All right, so I was wrong again. I figured that the result in the Casey Anthony trial would have resulted in some praise for the prevailing attorney, Jose Baez, even from those quarters that had been highly critical of him. But it’s barely been a speed bump in all the second guessing and criticism.
But a lot of lawyers should really go to school on this one. It is rich with subtle decisions and “tactics”, if you want to call them that, which contributed to the result.
I want to deal today with just one aspect of how brilliant Baez was. I’m taking a little license here because I don’t know exactly what he knew, but I am at least educated guessing.
In deciding what to put forward as the competing narrative there were two ways to go. The “fact” that Baez was going on, presumably from his client, was that she was confronted by her father holding the body of her toddler, who had allegedly, according to the father, drowned in the pool.
How do you know that the child drowned in the pool? You don’t. All you know is what your client observed, and what her father stated.
The observation supports an inference that the child accidentally drowned in the pool, to be sure. But it would also support the far less likely inference that perhaps the father killed the child. After all, he is there, holding the child’s body.
So, do you put forward a narrative where the child dies accidentally or do you go further and put forward a narrative that the father killed the child? The information you have could be used either way.
Baez, in a very interesting contrast to what police and prosecutors often do, goes conservative, at least in that sense. I mean, the whole idea is quite bold, but at least in this way he didn’t go as far as he could have.
Now, this was brilliant jury trial lawyering. The guy is extremely talented. This is an example of something like an instinct, something that you probably can’t teach.
It would certainly have been more sensational and made for what would be perceived as a “stronger” defense to accuse the father of actually killing the child. But the dynamic this sets up is too high a hill to climb for the jury. It makes them feel as if by acquitting the defendant they are convicting the father.
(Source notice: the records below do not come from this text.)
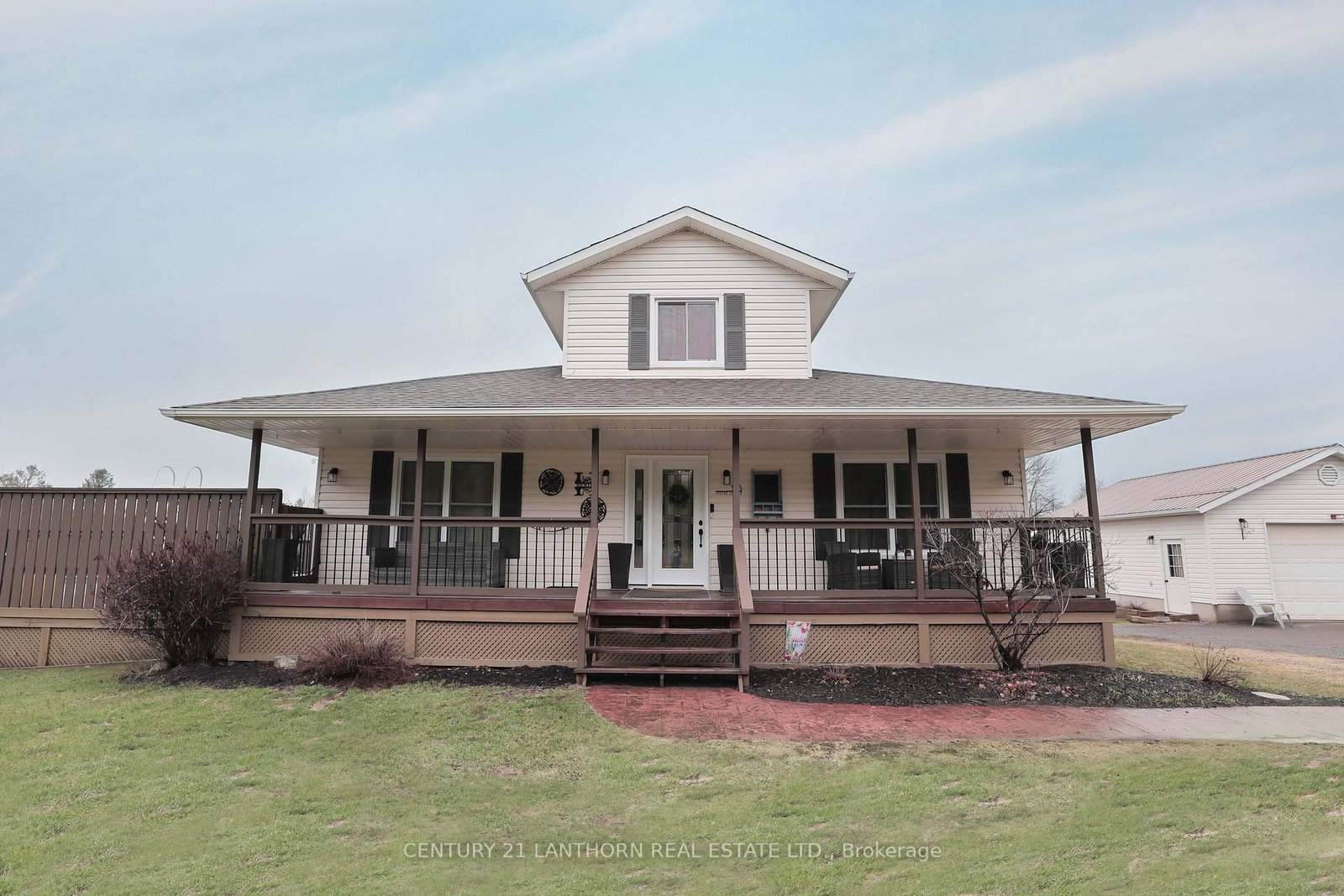 Listing Image 3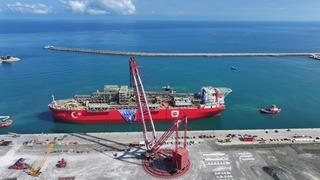 Doğal Gaz üretim platformu Osman Gazi Filyon Limanı'na demirlendi! Erdoğan uğurlamıştı, Türkiye dünyada 6'ıncı oldu... 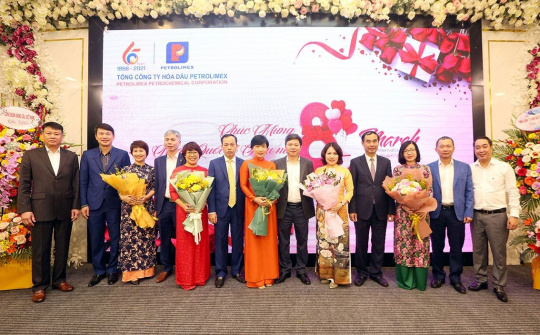 Phụ nữ PLC - Một nửa yêu thương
That is too stark and dramatic a deviation for them to accept, and if you put it that way – convict the defendant or convict her father – they’re more likely to convict the defendant, who after all sits in the dock already accused.
So while you might even suspect that the father killed the toddler and you certainly have at least some reason to believe it, you don’t allege that. That way, the jury doesn’t have to make such a stark choice. You’ve raised questions and hinted at an alternate villain, but you don’t go all out at him. This is in complete harmony with other arguments you’re going to make: principally, that nobody knows what happened here.
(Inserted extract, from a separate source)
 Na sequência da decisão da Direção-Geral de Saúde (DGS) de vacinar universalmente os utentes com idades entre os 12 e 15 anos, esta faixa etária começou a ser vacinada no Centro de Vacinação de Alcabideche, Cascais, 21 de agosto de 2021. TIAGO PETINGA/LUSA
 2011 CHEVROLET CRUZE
This is the theme that you can keep coming back to, over and over, with every witness, in your opening, in your closing – nobody knows what happened here. And when everything points to that no matter which way you come at the problem, it’s almost like it leaves the jury little choice but to decide that, yes, nobody knows what happened here, and neither do we. Not guilty.
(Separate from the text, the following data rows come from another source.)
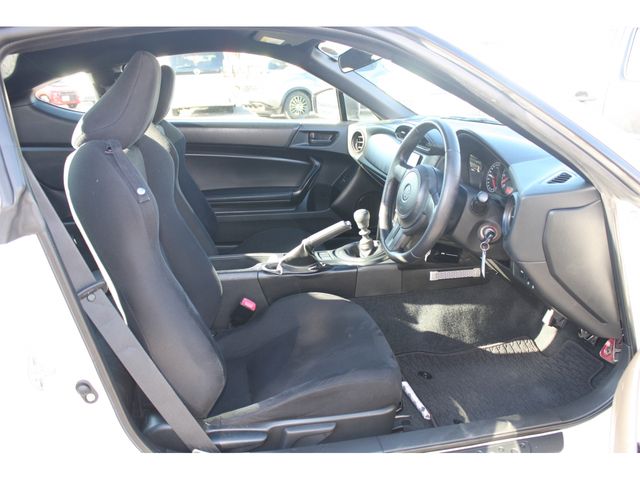 Toyota 86 2012-12 180674-13
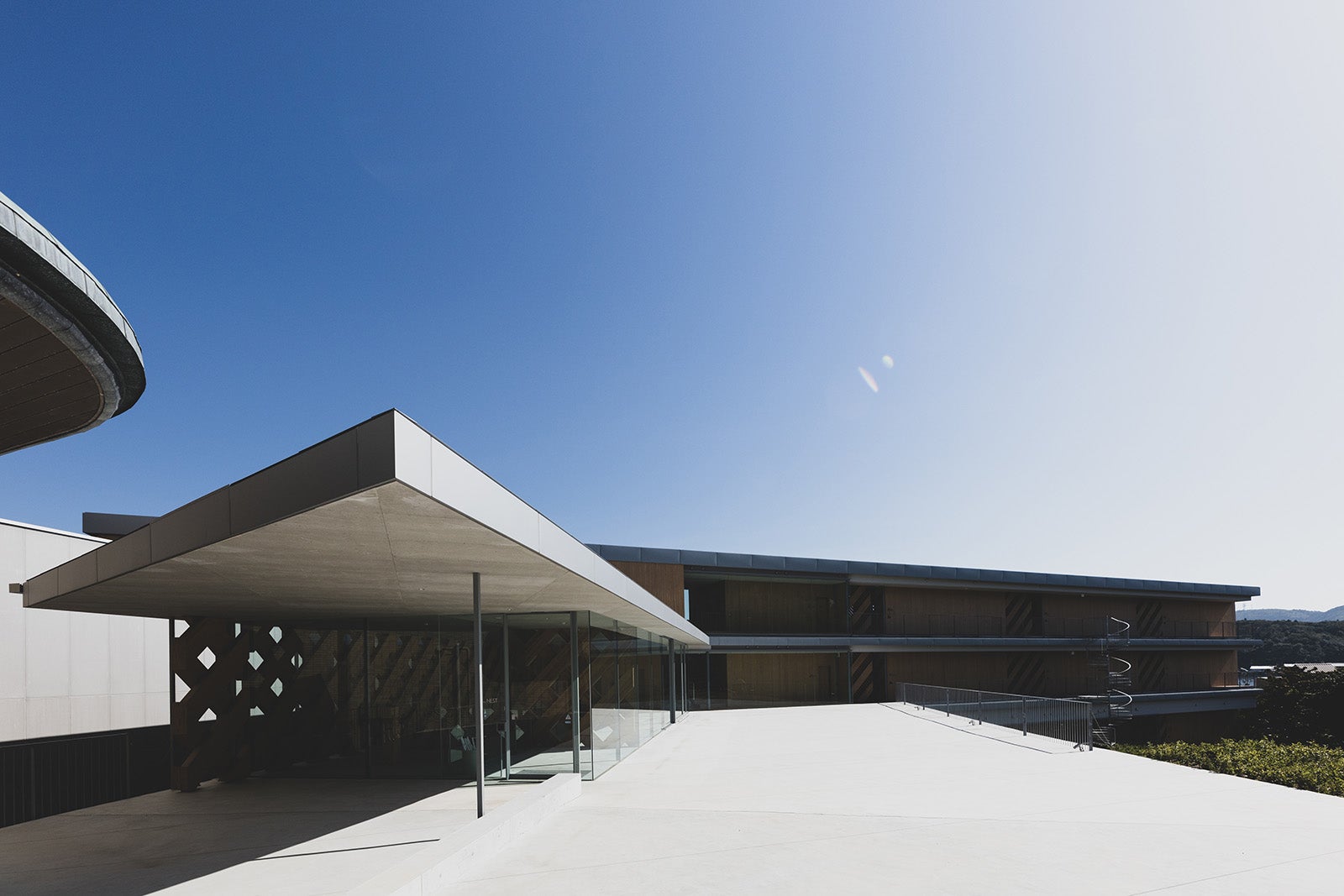 「未来をつくる島ホテル」より（C）TBS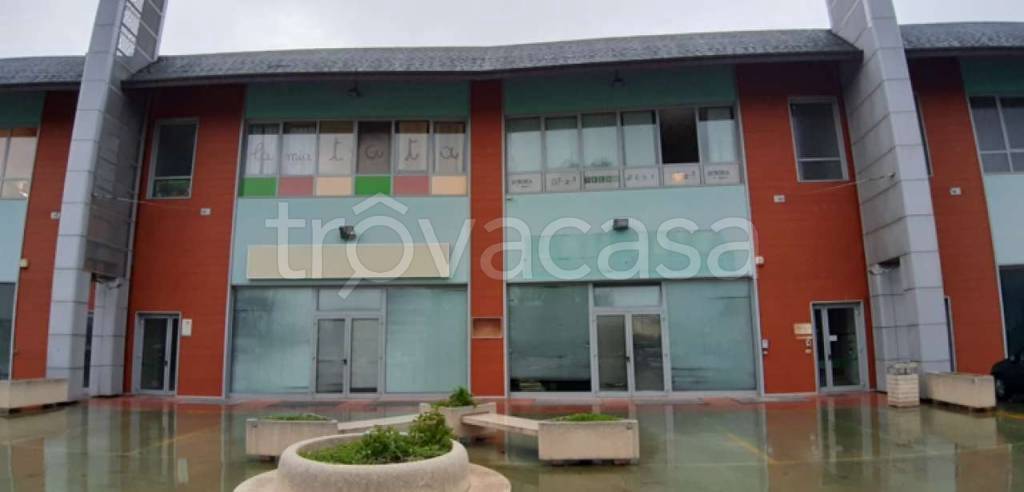 negozio in vendita a Spoltore in zona Villa Raspa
Notice, too, how does the prosecution counter this? They can’t.
One really funny thing is that all the pundits were talking about how “methodical” the prosecution was. And all the while it was Baez who was being methodical. He was methodically crafting and building a defense, under the radar, that resonated and harmonized with just about all the evidence, even the evidence presented by his opponents.
Prosecuting is construction: two by fours, hammers and nails. Defending is poetry: rhythm, rhyme, cadence.
Baez just has it. Can’t find it just now, but I saw him quoted as saying that he is always thinking about the jury. That’s the way a brilliant trial lawyer is, in my opinion.